» **EXTRACTED MATERIAL**
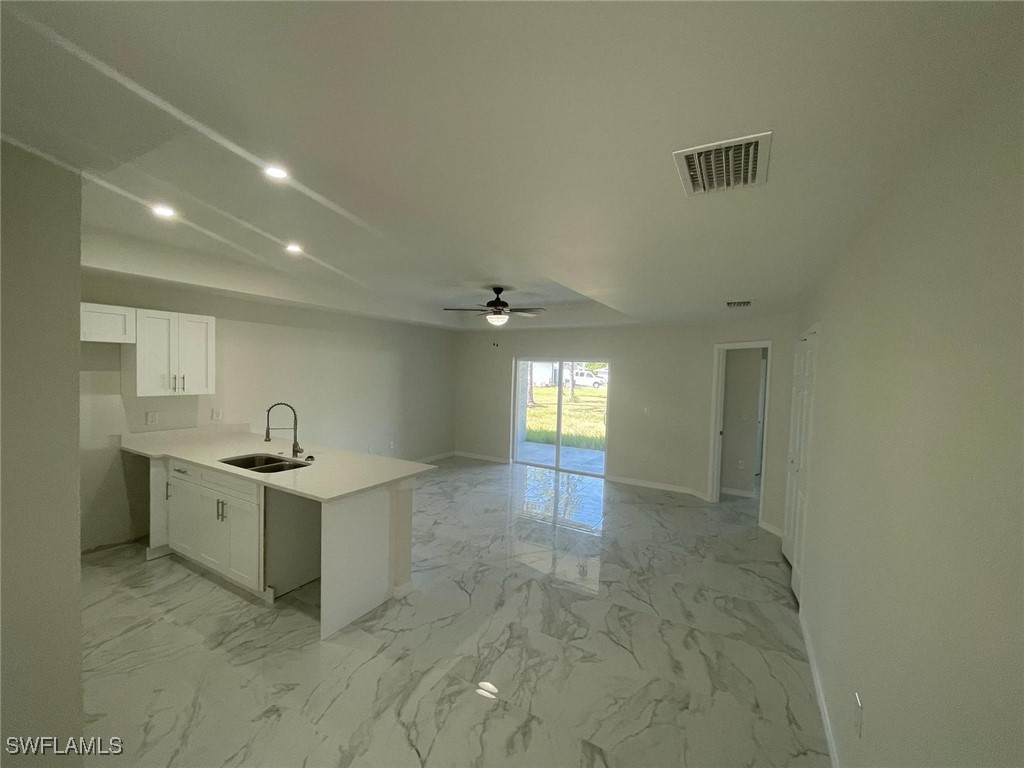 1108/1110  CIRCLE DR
...
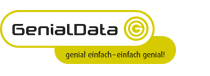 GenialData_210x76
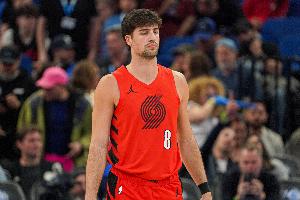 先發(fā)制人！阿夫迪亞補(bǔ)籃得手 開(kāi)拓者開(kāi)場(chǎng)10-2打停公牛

» **WORK TASK**
Copy exactly the material above from the line with "GenialData_210x76" to the line with "先發(fā)制人！阿夫迪亞", ends included, and nothing else. Leave out any picture.

» **RESPONSE BELOW**
 GenialData_210x76
 先發(fā)制人！阿夫迪亞補(bǔ)籃得手 開(kāi)拓者開(kāi)場(chǎng)10-2打停公牛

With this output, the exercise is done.